AIMS Mathematics (Mar 2024)
On the use of fuzzy preorders and asymmetric distances for multi-robot communication
Abstract
One of the main problems to be addressed in a multi-robot system is the selection of the best robot, or group of them, to carry out a specific task. Among the large number of solutions provided to allocate tasks to a group of robots, this work focuses on swarm-like approaches, and more specifically on response-threshold algorithms, where each robot selects the next task to perform by following a Markov process. To the best of our knowledge, the current response-threshold algorithms do not provide any formal method to generate new transition functions between tasks. Thus, this paper provides, for the first time, a mathematical model, as based on the so-called fuzzy preorders, for the allocation of tasks to a collective of robots with communication capabilities. In our previous work, we proved that transitions in the aforementioned process can be modeled as fuzzy preorders, constructed through the aggregation of asymmetric distances, in such a way that each robot makes its decision without taking into account the decisions of its teammates. Now, we extend this model in such a way that each robot will take into account the number of robots previously allocated for each task. To implement this method, a very simple communication mechanism has been considered.
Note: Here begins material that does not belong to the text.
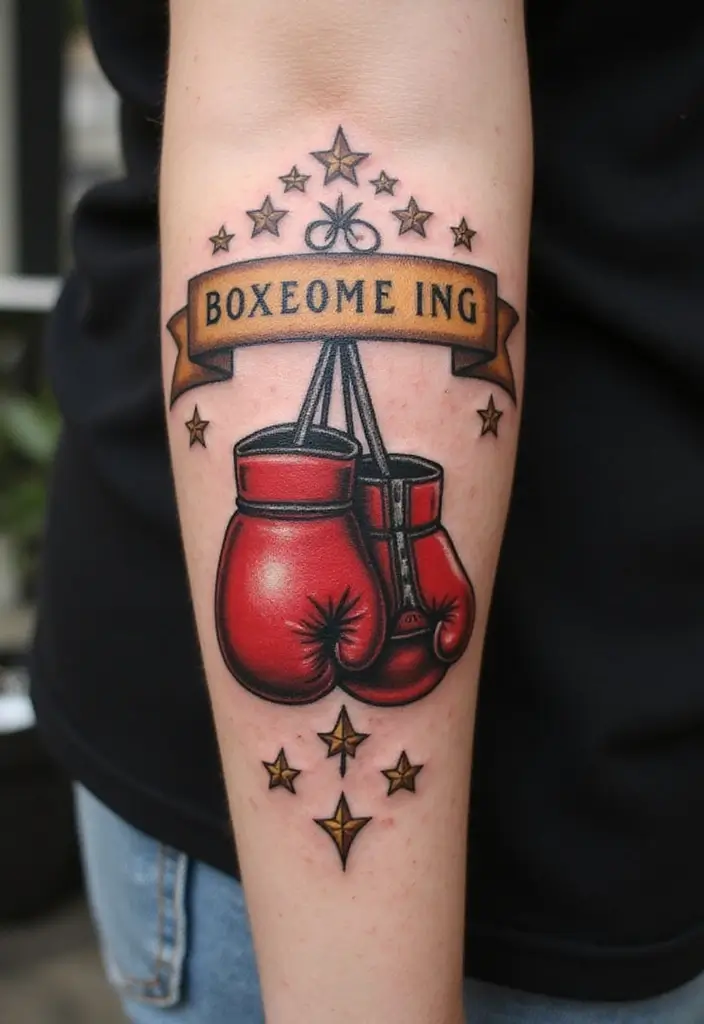 50 Boxing Gloves Tattoo Designs That Embody Strength and Courage! 13 50 Boxing Gloves Tattoo Designs That Embody Strength and Courage! - 13. Vintage Banner Design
Several simulations have been carried out in order to validate our approach. The results confirm that fuzzy preorders are able to model the evolution of the system when this type of communication is considered and show when and how the communication process improves the system's performance. Experimental results show the existence of a set of good values for the maximum communication distance between robots and that these values depend on the distribution of the tasks in the environment. Thus, in some cases, a better communication mechanism does not imply better results.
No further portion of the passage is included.